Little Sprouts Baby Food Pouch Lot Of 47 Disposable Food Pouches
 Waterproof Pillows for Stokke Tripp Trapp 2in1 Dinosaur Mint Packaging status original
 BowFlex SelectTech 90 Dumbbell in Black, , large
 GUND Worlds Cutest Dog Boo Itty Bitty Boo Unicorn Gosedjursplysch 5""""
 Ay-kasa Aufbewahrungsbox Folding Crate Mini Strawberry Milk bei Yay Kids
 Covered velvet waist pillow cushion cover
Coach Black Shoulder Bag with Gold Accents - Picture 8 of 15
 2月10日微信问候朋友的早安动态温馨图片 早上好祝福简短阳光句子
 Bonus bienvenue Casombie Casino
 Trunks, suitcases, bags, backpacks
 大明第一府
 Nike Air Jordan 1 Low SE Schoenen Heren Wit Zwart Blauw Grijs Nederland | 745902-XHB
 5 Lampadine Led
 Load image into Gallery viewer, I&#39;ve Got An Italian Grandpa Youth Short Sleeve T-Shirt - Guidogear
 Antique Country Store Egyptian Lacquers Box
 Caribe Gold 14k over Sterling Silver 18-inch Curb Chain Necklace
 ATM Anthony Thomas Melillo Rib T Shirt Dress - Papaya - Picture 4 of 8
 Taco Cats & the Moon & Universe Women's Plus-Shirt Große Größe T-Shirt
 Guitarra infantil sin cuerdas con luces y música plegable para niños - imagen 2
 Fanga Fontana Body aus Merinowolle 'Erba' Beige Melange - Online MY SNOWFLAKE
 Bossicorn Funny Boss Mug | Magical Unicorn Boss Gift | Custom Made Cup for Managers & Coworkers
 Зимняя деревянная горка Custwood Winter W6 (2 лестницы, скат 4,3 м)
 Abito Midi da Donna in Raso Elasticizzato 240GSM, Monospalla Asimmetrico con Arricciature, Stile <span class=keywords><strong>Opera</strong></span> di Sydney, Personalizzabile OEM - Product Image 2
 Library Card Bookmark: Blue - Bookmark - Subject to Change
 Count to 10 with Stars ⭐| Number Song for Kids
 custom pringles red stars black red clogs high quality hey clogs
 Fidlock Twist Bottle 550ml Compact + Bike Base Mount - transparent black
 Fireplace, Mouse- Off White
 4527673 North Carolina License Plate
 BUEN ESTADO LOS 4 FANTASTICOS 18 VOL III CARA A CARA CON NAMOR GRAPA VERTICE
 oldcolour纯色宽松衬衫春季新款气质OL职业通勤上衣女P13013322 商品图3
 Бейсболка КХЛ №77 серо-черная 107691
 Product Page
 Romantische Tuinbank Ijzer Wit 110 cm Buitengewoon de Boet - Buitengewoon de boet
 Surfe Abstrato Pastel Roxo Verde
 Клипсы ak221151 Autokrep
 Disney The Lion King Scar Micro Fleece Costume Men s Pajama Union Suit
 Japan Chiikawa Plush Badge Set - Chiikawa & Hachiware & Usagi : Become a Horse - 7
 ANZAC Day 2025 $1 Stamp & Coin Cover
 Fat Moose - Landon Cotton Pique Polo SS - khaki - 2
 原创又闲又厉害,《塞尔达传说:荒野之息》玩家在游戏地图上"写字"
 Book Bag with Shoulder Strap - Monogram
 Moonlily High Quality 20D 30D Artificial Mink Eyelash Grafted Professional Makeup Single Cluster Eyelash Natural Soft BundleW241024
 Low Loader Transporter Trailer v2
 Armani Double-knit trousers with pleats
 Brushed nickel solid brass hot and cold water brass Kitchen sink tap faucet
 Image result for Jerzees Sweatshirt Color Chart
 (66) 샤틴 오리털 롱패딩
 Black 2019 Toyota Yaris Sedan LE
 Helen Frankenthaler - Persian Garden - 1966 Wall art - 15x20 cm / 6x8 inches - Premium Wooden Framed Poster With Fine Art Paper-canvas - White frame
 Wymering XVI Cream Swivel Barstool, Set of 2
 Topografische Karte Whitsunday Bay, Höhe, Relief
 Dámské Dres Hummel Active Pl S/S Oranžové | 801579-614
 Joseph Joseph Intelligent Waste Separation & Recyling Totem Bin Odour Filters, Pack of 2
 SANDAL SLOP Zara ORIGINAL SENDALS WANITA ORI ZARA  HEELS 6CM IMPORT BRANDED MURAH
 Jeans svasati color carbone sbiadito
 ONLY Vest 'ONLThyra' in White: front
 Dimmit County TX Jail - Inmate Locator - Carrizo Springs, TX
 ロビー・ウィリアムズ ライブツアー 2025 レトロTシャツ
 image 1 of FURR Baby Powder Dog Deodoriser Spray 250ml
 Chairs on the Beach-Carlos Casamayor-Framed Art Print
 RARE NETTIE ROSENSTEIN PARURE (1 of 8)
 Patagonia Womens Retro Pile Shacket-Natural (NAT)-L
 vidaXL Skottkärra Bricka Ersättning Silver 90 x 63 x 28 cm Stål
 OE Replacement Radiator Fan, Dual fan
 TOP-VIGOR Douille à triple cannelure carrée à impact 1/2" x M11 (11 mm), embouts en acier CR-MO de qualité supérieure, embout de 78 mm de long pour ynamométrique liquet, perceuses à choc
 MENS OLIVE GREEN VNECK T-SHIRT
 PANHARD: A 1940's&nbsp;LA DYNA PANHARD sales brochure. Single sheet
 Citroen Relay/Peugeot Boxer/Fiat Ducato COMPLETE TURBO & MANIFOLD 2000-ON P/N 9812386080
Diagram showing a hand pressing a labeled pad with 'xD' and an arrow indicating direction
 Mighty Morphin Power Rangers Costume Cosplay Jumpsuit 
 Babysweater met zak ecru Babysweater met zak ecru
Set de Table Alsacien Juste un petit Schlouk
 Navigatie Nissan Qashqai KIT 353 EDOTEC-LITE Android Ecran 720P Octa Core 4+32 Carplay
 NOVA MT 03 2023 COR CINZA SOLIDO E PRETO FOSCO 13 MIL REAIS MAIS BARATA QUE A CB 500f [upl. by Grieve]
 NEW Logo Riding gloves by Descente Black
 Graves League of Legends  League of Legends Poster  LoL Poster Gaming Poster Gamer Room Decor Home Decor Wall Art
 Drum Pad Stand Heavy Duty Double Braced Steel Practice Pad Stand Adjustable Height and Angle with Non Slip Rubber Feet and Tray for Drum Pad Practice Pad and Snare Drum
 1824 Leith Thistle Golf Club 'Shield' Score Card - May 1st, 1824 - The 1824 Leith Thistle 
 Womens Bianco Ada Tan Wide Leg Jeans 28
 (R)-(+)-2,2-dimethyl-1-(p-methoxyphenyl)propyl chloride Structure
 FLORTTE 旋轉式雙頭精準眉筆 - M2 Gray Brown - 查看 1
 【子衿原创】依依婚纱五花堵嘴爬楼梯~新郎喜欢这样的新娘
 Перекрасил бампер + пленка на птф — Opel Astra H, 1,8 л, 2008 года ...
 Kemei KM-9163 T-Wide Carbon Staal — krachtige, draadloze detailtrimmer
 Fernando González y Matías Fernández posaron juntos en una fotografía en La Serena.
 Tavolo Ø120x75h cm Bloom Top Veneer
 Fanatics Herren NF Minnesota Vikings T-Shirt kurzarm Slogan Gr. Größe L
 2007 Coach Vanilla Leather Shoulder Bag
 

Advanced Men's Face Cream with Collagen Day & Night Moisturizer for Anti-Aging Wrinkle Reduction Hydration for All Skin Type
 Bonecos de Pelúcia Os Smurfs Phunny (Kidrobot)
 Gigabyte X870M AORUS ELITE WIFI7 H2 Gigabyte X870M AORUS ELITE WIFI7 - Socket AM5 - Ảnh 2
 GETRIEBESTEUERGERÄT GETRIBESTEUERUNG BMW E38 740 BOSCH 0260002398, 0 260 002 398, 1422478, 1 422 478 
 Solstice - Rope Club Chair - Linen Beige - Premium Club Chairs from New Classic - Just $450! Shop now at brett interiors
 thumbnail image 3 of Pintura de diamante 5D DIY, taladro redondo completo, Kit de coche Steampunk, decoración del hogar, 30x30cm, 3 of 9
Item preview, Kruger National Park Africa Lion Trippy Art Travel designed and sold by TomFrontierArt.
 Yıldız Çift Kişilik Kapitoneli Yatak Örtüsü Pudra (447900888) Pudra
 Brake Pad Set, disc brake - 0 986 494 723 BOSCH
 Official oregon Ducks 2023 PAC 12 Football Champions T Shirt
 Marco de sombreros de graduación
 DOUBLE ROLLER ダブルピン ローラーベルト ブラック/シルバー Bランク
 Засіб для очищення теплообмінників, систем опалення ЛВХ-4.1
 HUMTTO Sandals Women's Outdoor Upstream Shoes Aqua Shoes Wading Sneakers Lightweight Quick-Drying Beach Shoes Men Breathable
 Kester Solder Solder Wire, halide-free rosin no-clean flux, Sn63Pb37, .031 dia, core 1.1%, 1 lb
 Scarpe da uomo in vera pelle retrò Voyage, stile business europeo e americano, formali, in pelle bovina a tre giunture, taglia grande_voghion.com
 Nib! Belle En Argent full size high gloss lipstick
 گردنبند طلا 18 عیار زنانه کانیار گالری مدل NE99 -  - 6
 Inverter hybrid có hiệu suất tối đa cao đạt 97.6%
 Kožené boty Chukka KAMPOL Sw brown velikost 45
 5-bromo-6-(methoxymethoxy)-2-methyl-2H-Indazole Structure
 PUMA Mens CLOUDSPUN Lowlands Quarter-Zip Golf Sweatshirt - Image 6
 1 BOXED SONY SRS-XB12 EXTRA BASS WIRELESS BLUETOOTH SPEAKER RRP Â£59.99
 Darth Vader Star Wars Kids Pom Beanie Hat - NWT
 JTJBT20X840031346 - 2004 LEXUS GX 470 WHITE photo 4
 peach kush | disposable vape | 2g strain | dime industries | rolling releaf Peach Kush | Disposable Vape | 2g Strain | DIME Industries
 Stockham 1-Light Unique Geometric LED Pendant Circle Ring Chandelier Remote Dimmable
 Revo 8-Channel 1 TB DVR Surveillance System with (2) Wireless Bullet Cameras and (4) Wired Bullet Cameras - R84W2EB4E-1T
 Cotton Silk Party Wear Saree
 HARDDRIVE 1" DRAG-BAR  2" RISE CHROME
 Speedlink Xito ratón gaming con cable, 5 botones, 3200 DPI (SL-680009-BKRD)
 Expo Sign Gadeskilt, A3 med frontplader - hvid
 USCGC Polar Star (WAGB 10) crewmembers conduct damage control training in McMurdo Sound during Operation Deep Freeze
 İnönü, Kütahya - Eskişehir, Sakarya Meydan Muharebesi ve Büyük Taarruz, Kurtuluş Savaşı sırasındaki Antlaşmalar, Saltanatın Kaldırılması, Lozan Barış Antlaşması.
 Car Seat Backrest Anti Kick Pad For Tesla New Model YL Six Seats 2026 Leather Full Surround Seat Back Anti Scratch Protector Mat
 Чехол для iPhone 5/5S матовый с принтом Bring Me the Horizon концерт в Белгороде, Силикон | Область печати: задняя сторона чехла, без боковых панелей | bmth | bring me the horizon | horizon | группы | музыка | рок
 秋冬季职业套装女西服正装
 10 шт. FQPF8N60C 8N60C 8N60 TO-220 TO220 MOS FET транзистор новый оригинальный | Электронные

Exercise aim
If a line of the data above contains "Wall", copy it out.

Solved problem
 Helen Frankenthaler - Persian Garden - 1966 Wall art - 15x20 cm / 6x8 inches - Premium Wooden Framed Poster With Fine Art Paper-canvas - White frame
 Graves League of Legends  League of Legends Poster  LoL Poster Gaming Poster Gamer Room Decor Home Decor Wall Art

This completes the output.